» Task brief: Below are the records; return exactly the lines from the one with "Climate Change – Lab Station Activity" through the final line, both included, minus any pictures.
** Opening Records shown block **
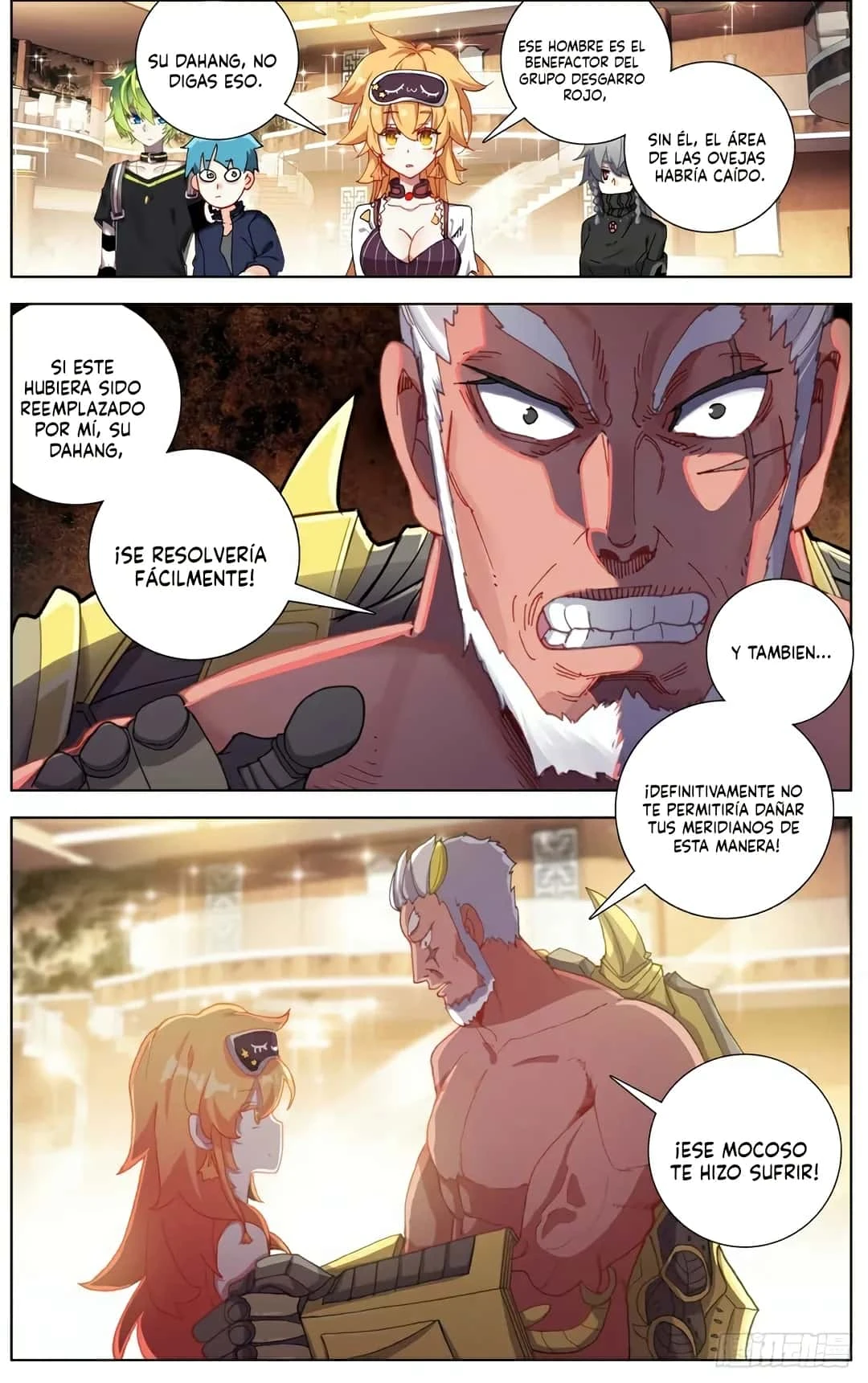 Different Kings Capítulo 159 - Page 11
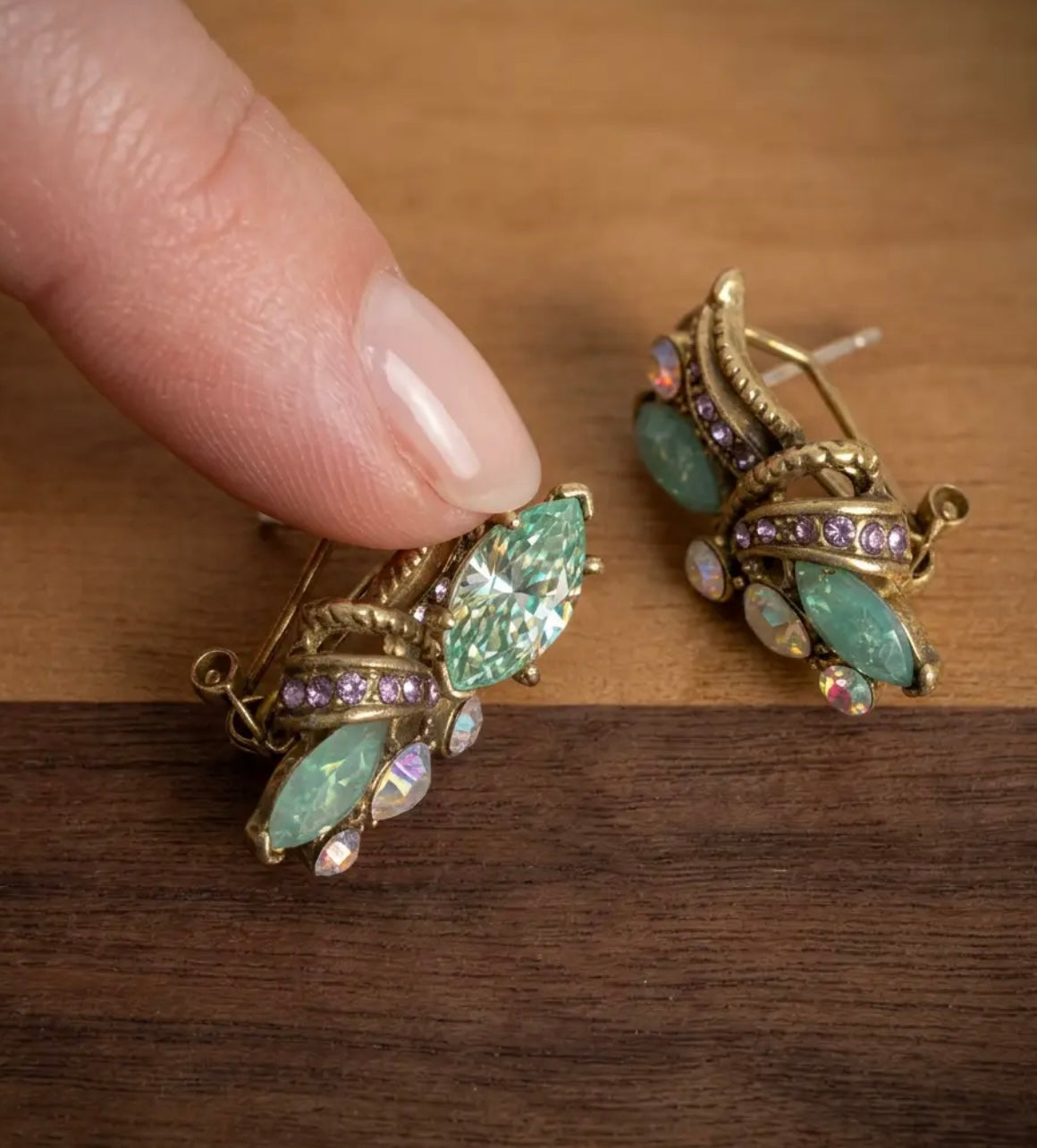 The Elowen Garden Earrings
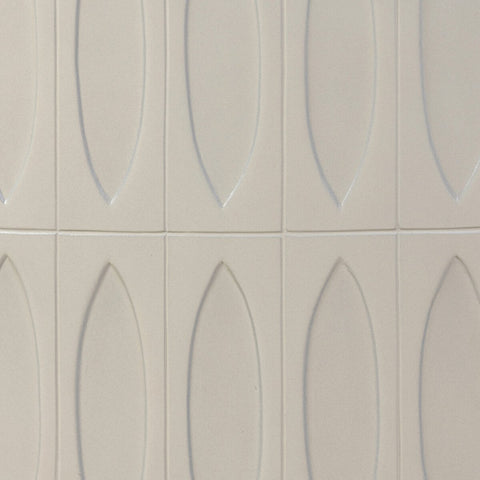 Colorado Drum Coffee Table - White Concrete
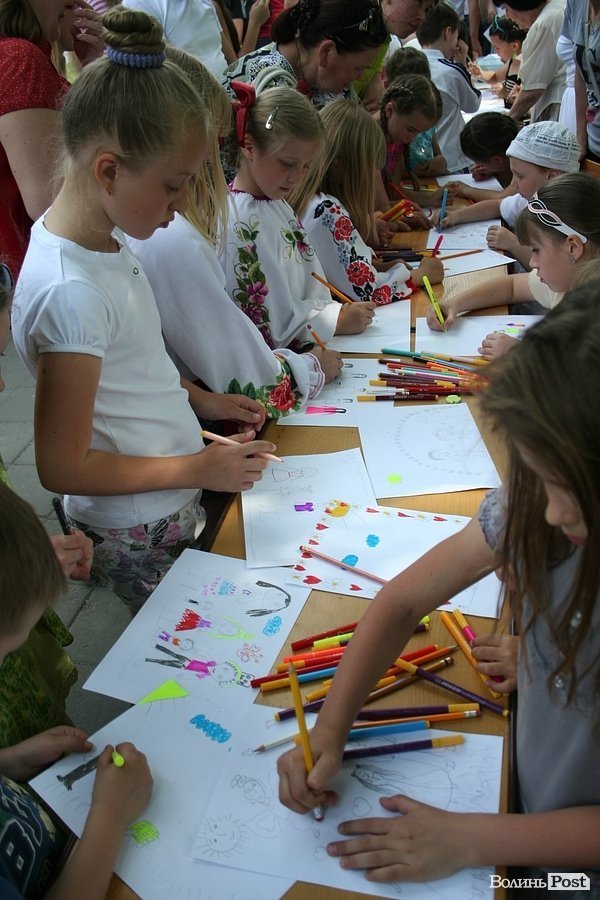 «Фестиваль сім’ї» у Луцьку. ФОТО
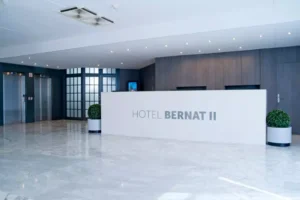 Recepción hotel Bernat II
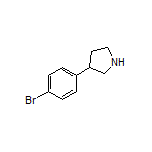 3-(4-Bromophenyl)pyrrolidine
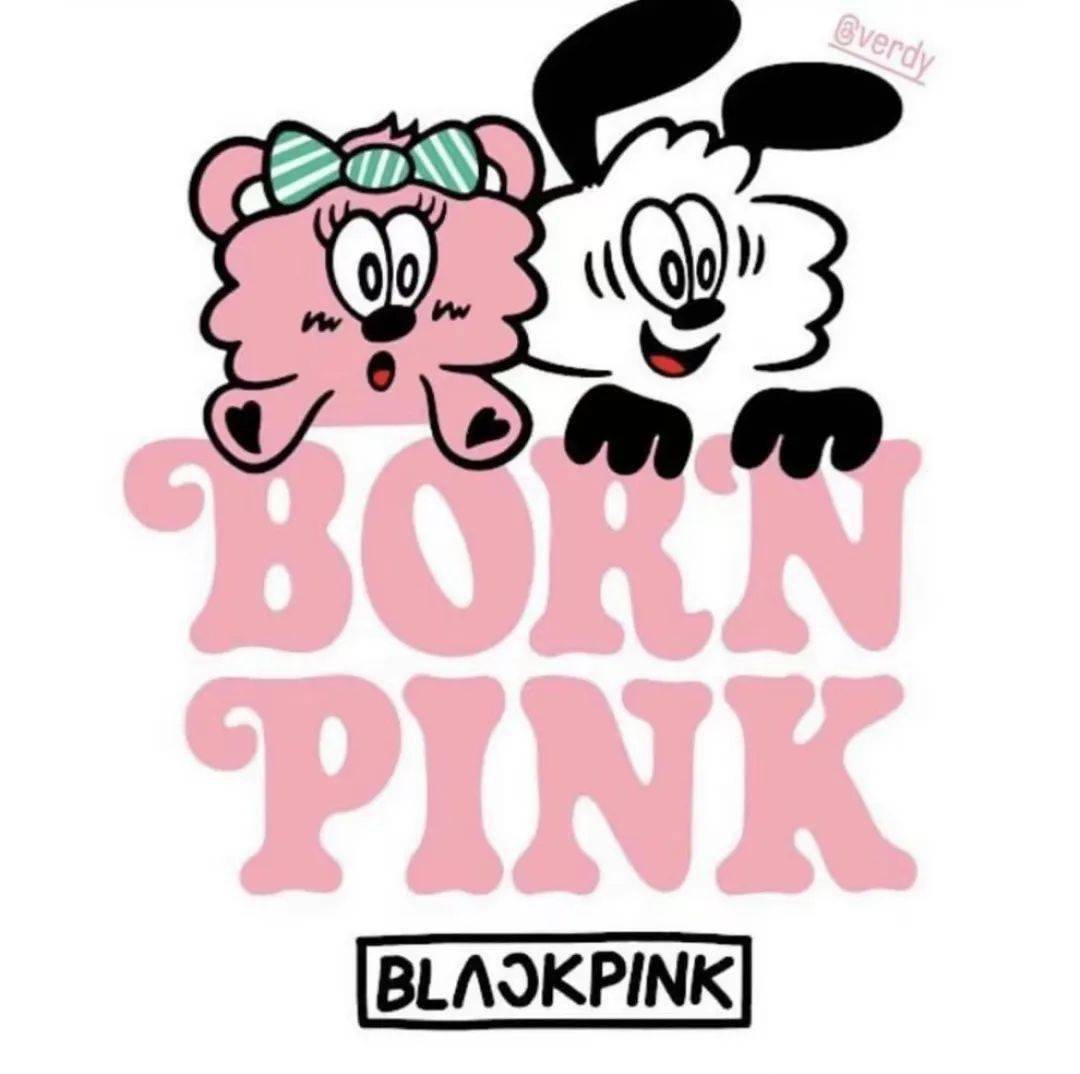 verdy要和blackpink联名了?确认担任巡回演唱会创意总监!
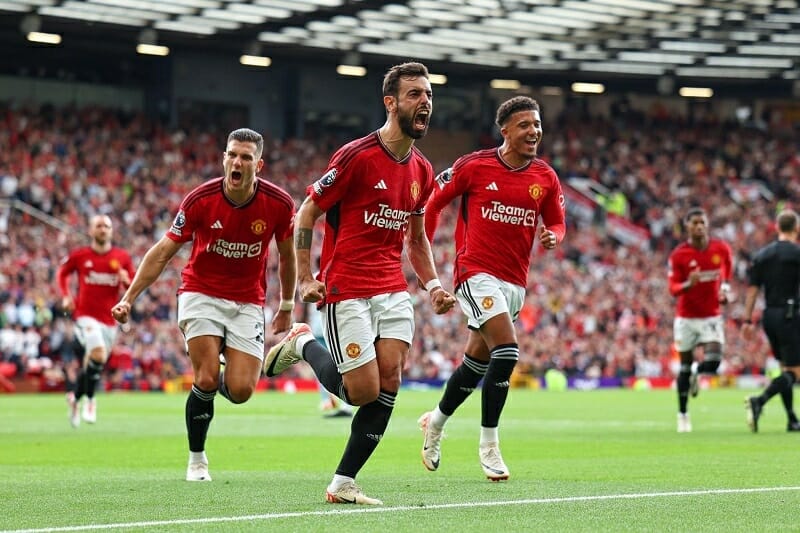 Man United lội ngược dòng ấn tượng.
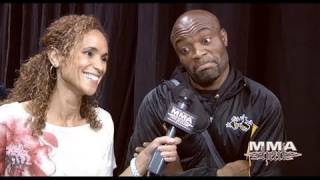 UFC 126 - Anderson Silva: "It Could All End On Saturday Night" (Includes Workout)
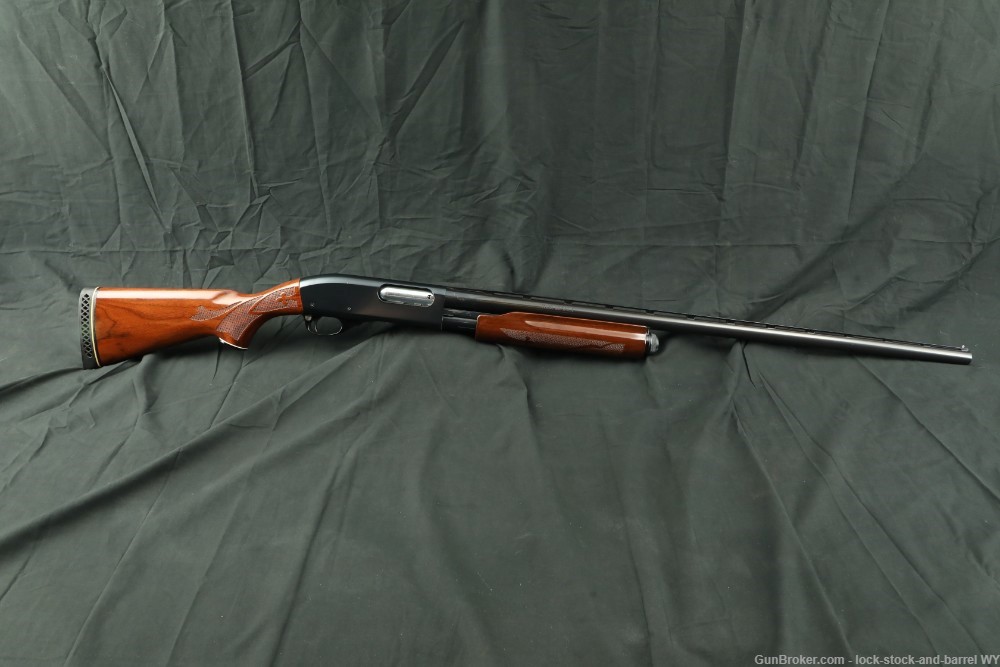 Remington Model 870 Wingmaster Magnum 12 GA 30" FULL 26" Skeet Pump Shotgun-img-3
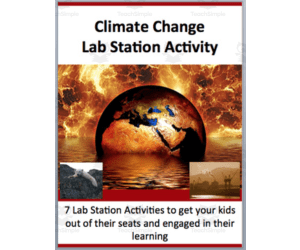 Climate Change – Lab Station Activity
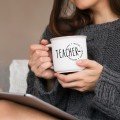 Teacher 
Adjectives Mug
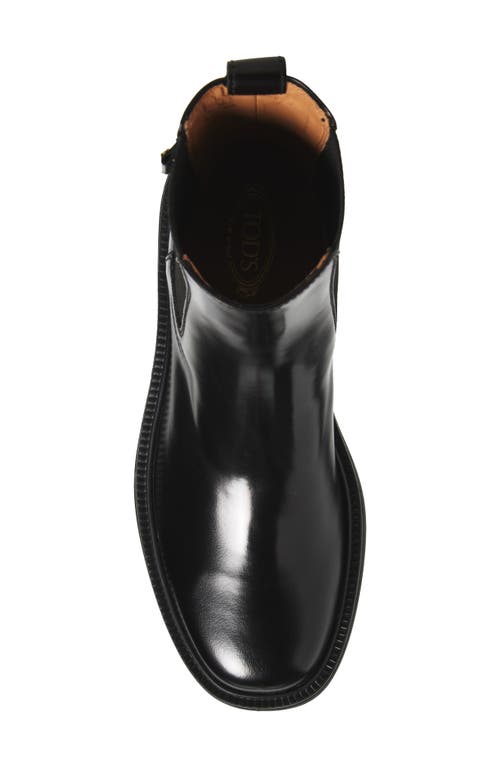 Tod's Chelsea Boot In Black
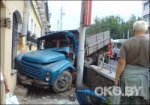 В Минске в результате ДТП погиб водитель грузовика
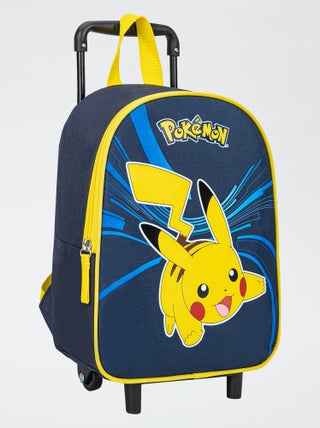 Pokémon-tas met wieltjes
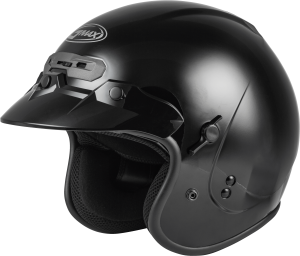 GM-32 OPEN-FACE HELMET BLACK 2X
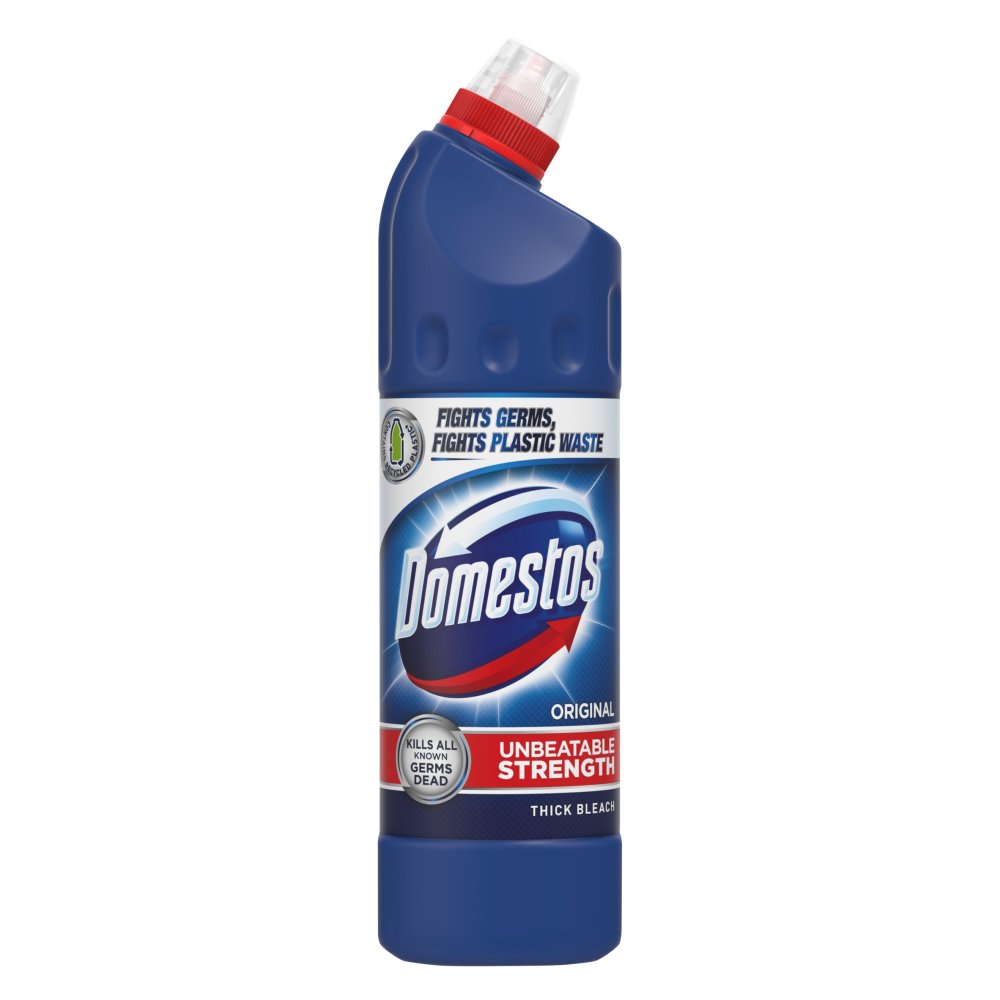 LIXIVIA GEL ORIGINAL DOMESTOS 750ML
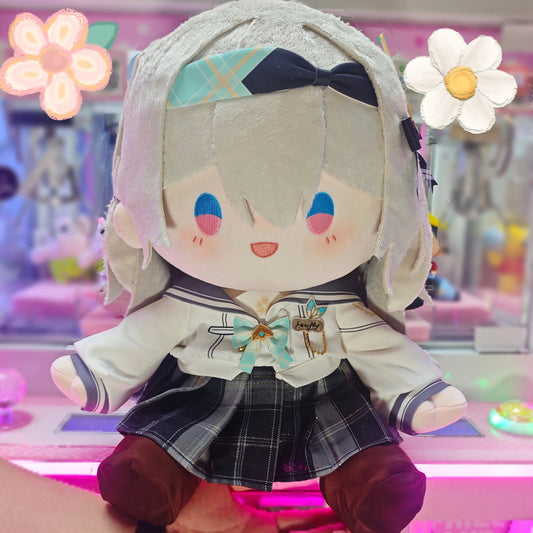 Smile House Honkai: Star Rail Plushies Staring Firefly IK Suit 40CM Plush Doll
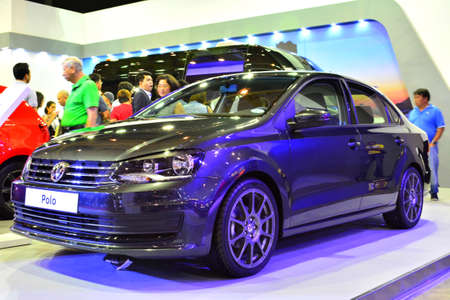 PASAY, PH - APR 1- Volkswagen Polo at Manila International Auto Show on April 1, 2017 in Pasay, Philippines.Â のeditorial素材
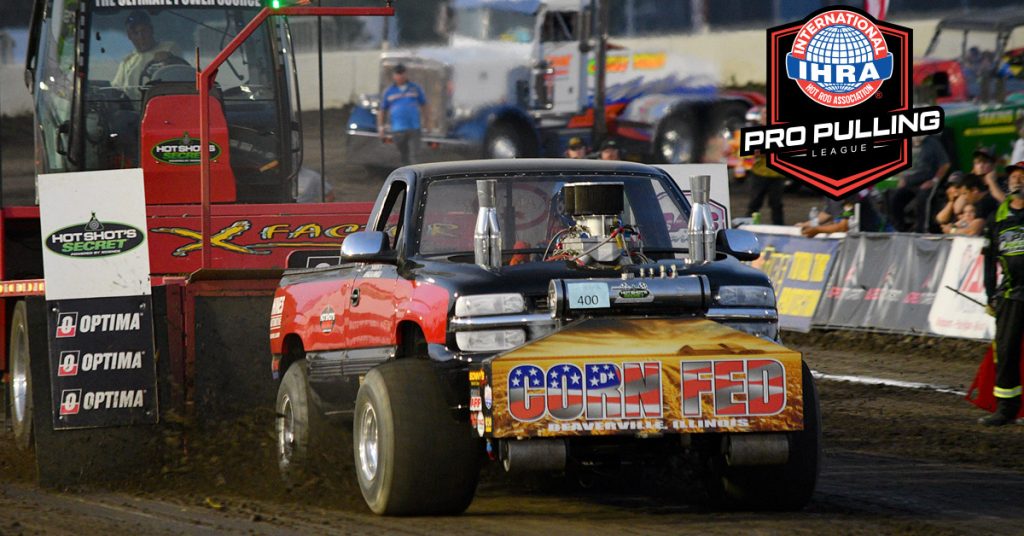 truck pull on saturday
** Closing Records shown block **
» Result of the task:
 Climate Change – Lab Station Activity
 Teacher 
Adjectives Mug
 Tod's Chelsea Boot In Black
 В Минске в результате ДТП погиб водитель грузовика
 Pokémon-tas met wieltjes
 GM-32 OPEN-FACE HELMET BLACK 2X
 LIXIVIA GEL ORIGINAL DOMESTOS 750ML
 Smile House Honkai: Star Rail Plushies Staring Firefly IK Suit 40CM Plush Doll
 PASAY, PH - APR 1- Volkswagen Polo at Manila International Auto Show on April 1, 2017 in Pasay, Philippines.Â のeditorial素材
 truck pull on saturday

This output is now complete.